**Task prompt**
Only the lines from the one containing "Vtg. Schylling Toys" through the last line of the data below belong in your answer, copied exactly and without pictures.
··· Data for this task
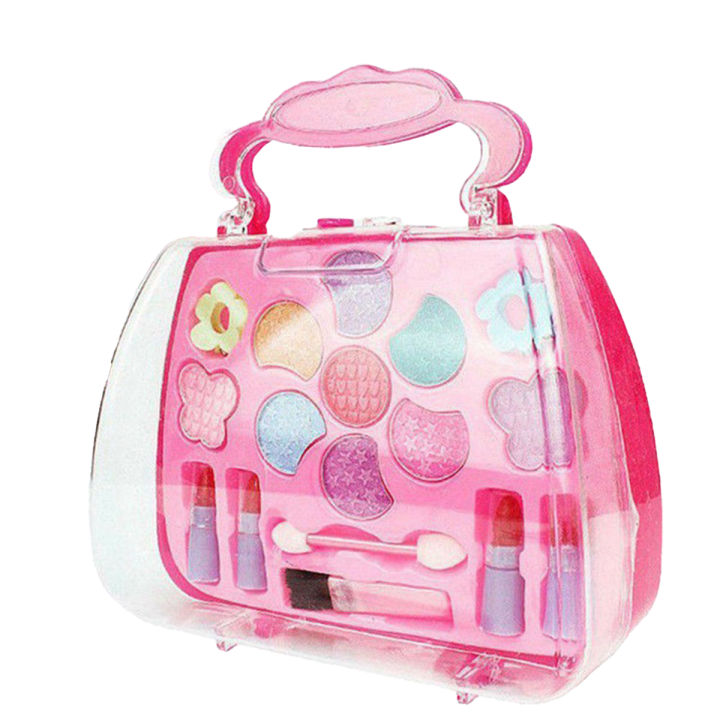 Baby Girls  KIDS MAKEUP KIT SET COSMETICS JEWELRY BREIFCASE REAL MAKEUP LIPSTICK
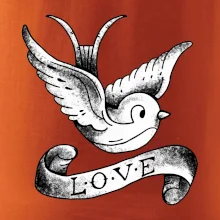 Love holubica - kreslená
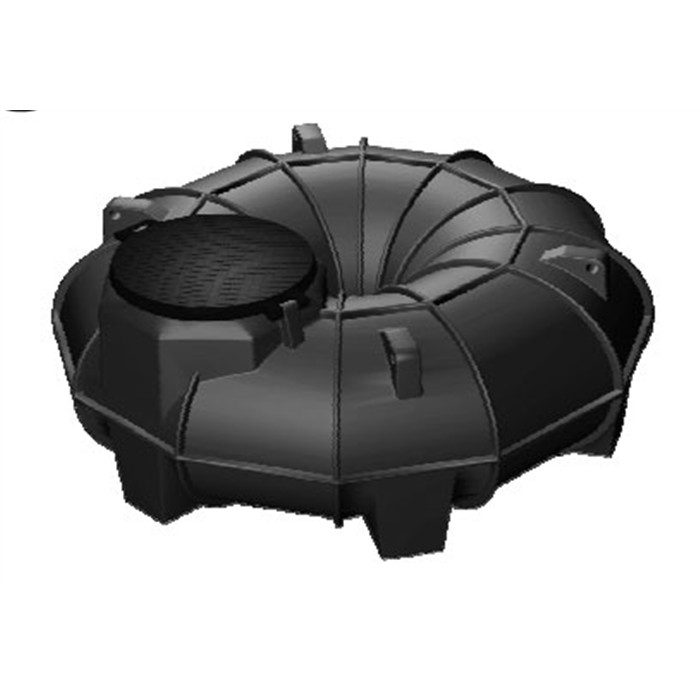 Citerne à eau de pluie annelée 3500L Citerne à eau de pluie annelée 3500L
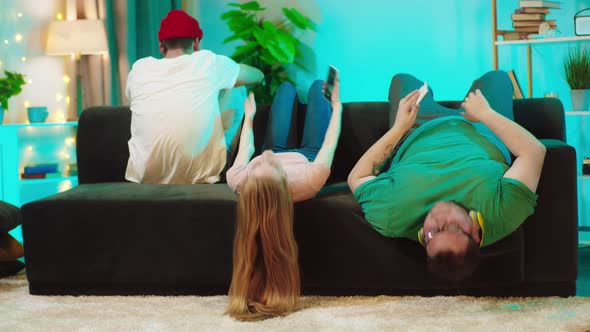 Young Funny Friends Multiethnic Doing Workout alt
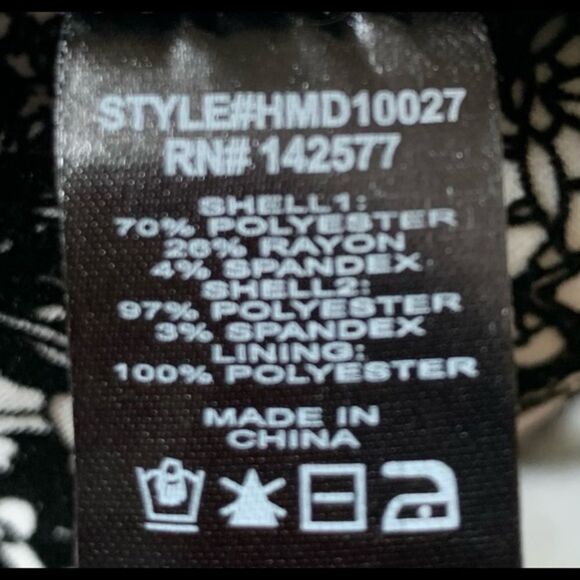 Haute Monde black & white floral Print Mini Dress - Picture 7 of 9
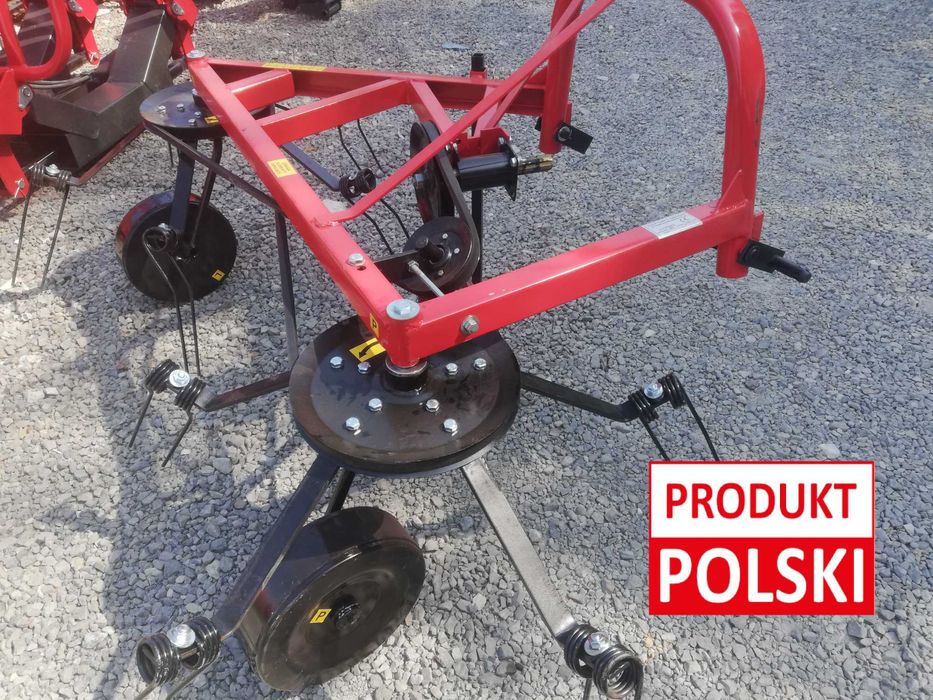 PROMOCJA-Przetrząsacz do siana PAJĄK przetrząsacz karuzelowy DOSTAWA pod wskazany adres-NOWA-zgrabiarka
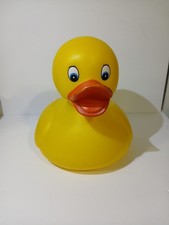 Vtg. Schylling Toys 2005 Extra Large Rubber Duck Yellow 9 inch Heavy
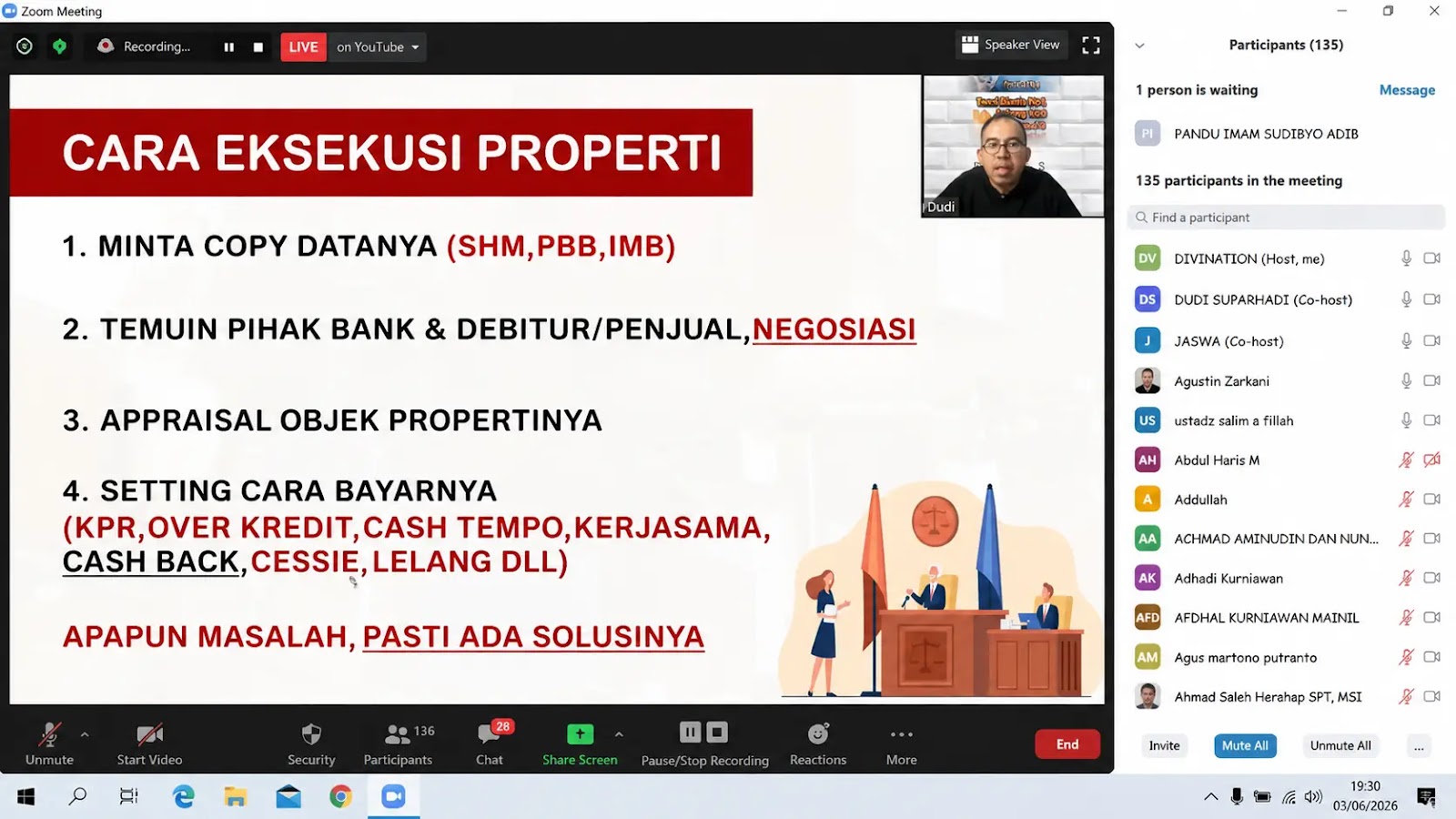 Dokumentasi pendukung seminar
······
**Your response**
 Vtg. Schylling Toys 2005 Extra Large Rubber Duck Yellow 9 inch Heavy
 Dokumentasi pendukung seminar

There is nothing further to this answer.